First, I agree that monetary and fiscal policymakers are partly to blame for the recent inflation surge. In fact, I warned about overheating in a February 2021 column in the New York Times.

Second, I agree that some significant amount of monetary tightening is in order. That is especially true because fiscal policymakers are doing little to help contract aggregate demand. Instead, actions like student loan forgiveness are doing the opposite. The so-called Inflation Reduction Act is a feckless political smokescreen.

The question is, how much monetary tightening is in order? This question is hard, and anyone who claims to know the answer for sure is not being honest either with you or with themselves. The reason it is hard is that monetary policy works with a substantial lag. It is no surprise that the recent Fed tightening hasn't had much impact on inflation yet. That is no reason to think the Fed needs to tighten a lot more. The Fed made the mistake of waiting for inflation to appear before starting to tighten. It would be a similar mistake to wait for inflation to return to target before stopping the tightening cycle.

The Taylor rule suggests one way to calibrate the problem. This rule of thumb says that the real interest rate needs to rise by 0.5 percentage points for each percentage point increase in inflation. The yield on the 5-year TIPs, which incorporates recent and near-term expected changes in monetary policy, has risen by 330 basis points over the past year. According to the Taylor rule, that would be appropriate if inflation had risen by 6.6 percentage points. Has it?

The answer depends on what measure of inflation one looks at. If you look at the CPI, then yes, the inflation surge could justify such a large tightening. But some of that inflation surge was due to temporary supply-side events. (Team Transitory was wrong, but not entirely wrong.) Wage inflation has increased only about 3 percentage points. By this metric, which can be viewed as a gauge of ongoing inflation pressures, a smaller monetary tightening would be appropriate.

A related issue is whether the normal real interest rate, sometimes called r*, is higher than the Fed previously thought. It might be. But I am inclined to think that there are long-run structural changes that explain the decline in real interest rates, as I explained in a recent Brookings paper. Those forces are likely to keep r* low in the years to come.
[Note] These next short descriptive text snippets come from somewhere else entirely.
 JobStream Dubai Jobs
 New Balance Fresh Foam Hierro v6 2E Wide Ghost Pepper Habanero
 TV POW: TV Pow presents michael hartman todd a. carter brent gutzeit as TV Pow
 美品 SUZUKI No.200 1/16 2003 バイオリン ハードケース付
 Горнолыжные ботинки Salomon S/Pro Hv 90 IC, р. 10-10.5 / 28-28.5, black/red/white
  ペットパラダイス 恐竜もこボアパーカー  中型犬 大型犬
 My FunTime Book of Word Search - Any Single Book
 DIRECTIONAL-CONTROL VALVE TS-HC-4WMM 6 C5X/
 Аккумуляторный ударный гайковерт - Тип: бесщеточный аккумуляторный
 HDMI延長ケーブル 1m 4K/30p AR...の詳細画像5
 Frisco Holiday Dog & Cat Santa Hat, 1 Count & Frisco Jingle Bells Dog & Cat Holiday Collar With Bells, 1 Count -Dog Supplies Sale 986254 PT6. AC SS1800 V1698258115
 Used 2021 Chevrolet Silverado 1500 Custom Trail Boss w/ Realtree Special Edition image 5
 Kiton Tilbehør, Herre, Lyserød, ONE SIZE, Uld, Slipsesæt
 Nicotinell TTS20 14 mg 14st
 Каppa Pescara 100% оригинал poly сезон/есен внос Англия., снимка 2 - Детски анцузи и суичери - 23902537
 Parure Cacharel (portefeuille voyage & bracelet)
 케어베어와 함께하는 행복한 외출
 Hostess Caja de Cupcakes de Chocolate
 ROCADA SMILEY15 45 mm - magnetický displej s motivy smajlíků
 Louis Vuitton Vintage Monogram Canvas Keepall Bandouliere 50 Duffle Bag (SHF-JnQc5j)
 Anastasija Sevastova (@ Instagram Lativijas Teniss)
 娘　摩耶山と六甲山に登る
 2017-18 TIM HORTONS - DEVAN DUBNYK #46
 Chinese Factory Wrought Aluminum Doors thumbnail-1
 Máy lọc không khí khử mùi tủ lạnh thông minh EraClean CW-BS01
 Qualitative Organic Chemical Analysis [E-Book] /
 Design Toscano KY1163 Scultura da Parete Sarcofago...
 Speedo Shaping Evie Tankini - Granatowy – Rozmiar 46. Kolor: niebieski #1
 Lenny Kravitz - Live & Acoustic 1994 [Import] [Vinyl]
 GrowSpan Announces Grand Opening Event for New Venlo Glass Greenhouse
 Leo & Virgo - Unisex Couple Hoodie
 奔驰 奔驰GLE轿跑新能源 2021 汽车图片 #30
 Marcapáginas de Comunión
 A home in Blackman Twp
Another data series that I keep an eye on--though it is out of fashion these days--is the money supply. M2 surged before the large increase in inflation. Economists who watch the money supply, like Jeremy Siegel, were among the first to call the inflation surge. Yet over the past year, M2 has grown a mere 3.1 percent.

Finally, another factor is that the monetary tightening is occurring worldwide. Standard monetary rules like the Taylor rule do not explicitly incorporate the international linkages. But perhaps they should. Some of upcoming contraction of the U.S. economy will be attributable to the policies of foreign central banks. It is hard to say how much.

So, if I were one of the Fed governors, I would recommend slowly easing their foot off the brake. That means when the next decision comes and they debate an increase of, say, 50 or 75 basis points, choose the smaller number.

At this point, a recession seems a near certainty due, in part, to the Fed's previous miscalculations that led monetary policy to be too easy for too long. There is nothing to be gained from making the recession deeper than necessary. The second mistake would compound, not cancel, the first one.